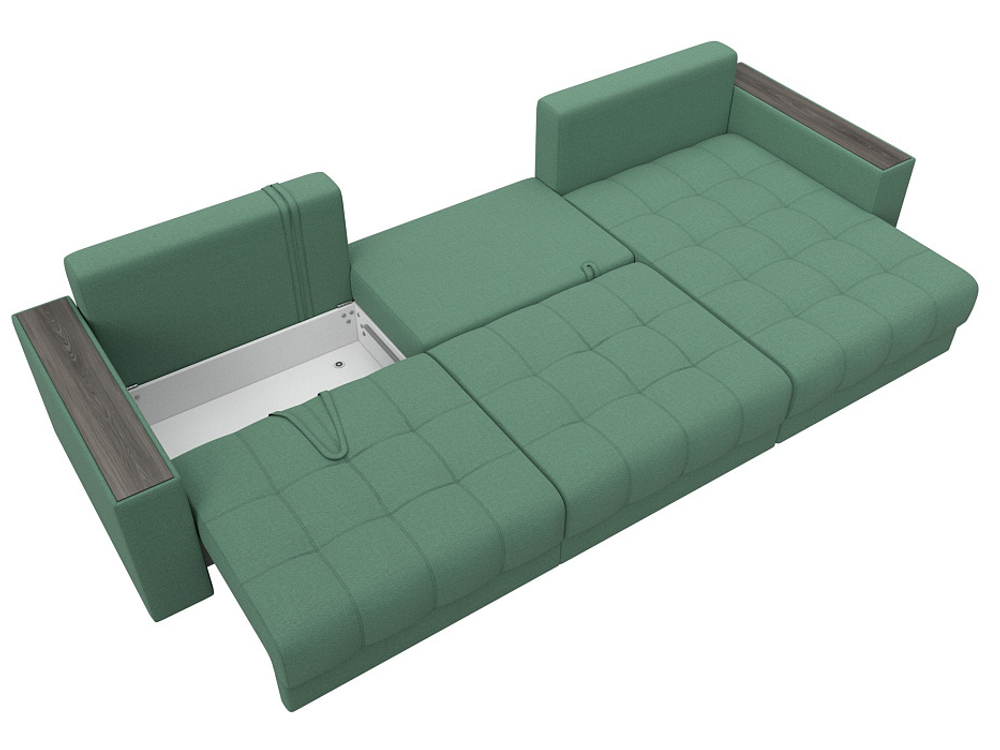 Диван угловой с декором Лига-049 НПБ Лонг, Амур 11 РОГОЖКА зеленый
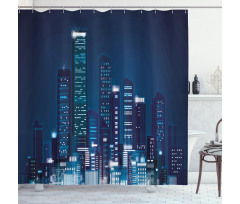 Night View of Metropolis Shower Curtain
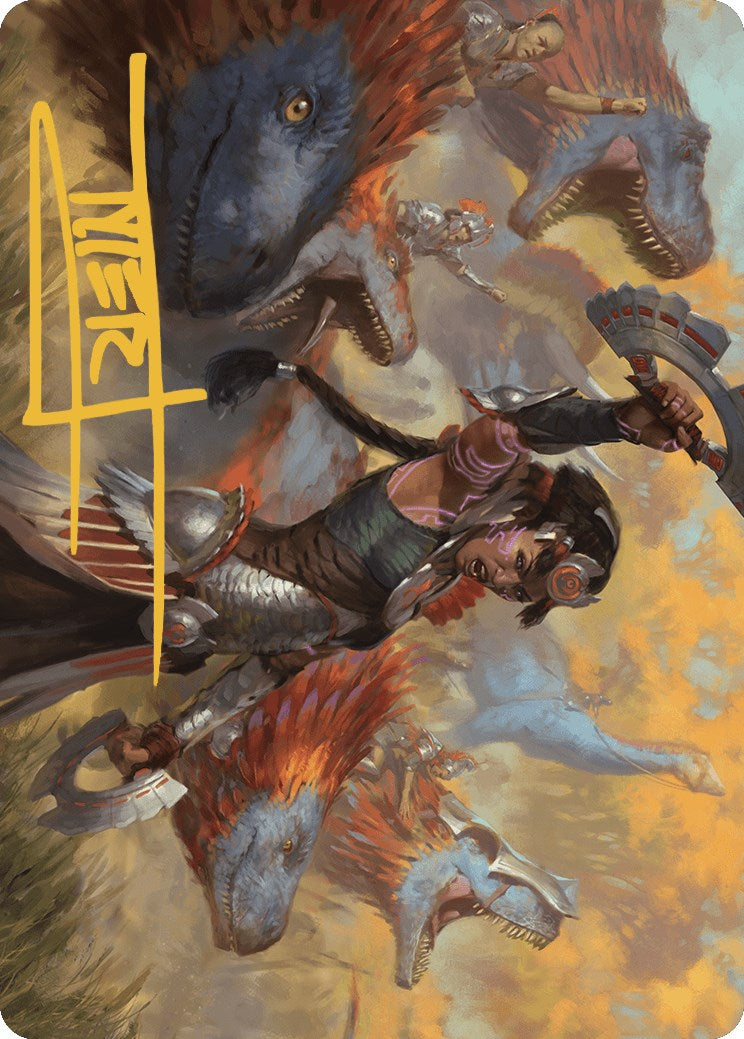 Huatli, Poet of Unity Art Card (Gold-Stamped Signature) [The Lost Caverns of Ixalan Art Series] | Exor Games New Glasgow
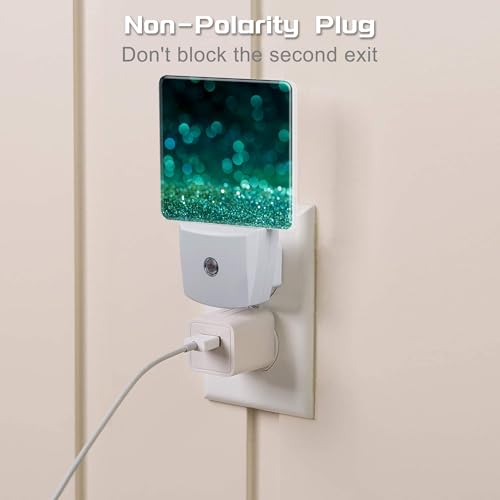 Image of Green Gold Glitter Night Light - Plug into Wall, Green Sparkle Shining Lights Dusk to Dawn, 0.5w Energy Saving Sleep Friendly Night Light for Kids Boys Girls Home Decor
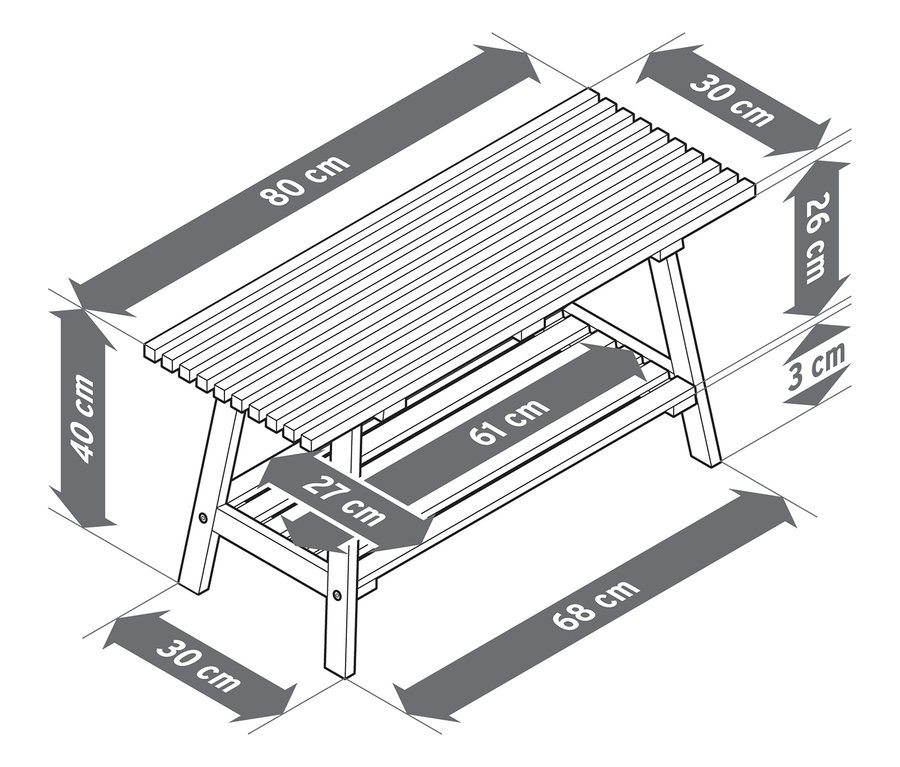 Draufsicht einer Bank »HOLT« aus Bambus mit Lamellenelementen und Maßangaben.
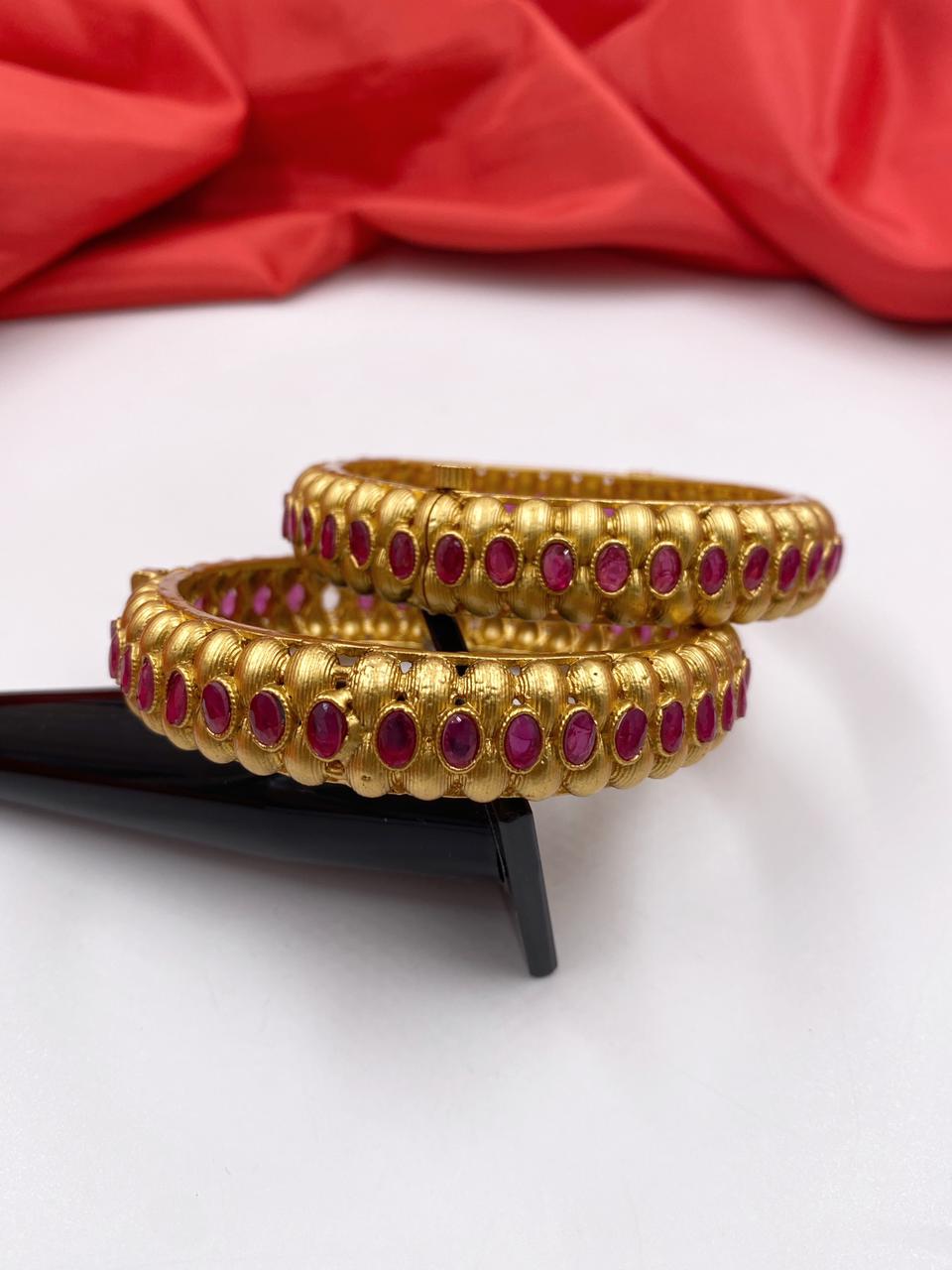 Designer Antique One Gram Gold Look Kangan Bangles For Ladies By Gehna Shop Antique Golden Bangles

ASSIGNED TASK> Take the lines from the first line of the entries through the line with "Image of Green", inclusive, and give them again exactly, minus any pictures.

EXERCISE OUTPUT>
 Диван угловой с декором Лига-049 НПБ Лонг, Амур 11 РОГОЖКА зеленый
 Night View of Metropolis Shower Curtain
 Huatli, Poet of Unity Art Card (Gold-Stamped Signature) [The Lost Caverns of Ixalan Art Series] | Exor Games New Glasgow
 Image of Green Gold Glitter Night Light - Plug into Wall, Green Sparkle Shining Lights Dusk to Dawn, 0.5w Energy Saving Sleep Friendly Night Light for Kids Boys Girls Home Decor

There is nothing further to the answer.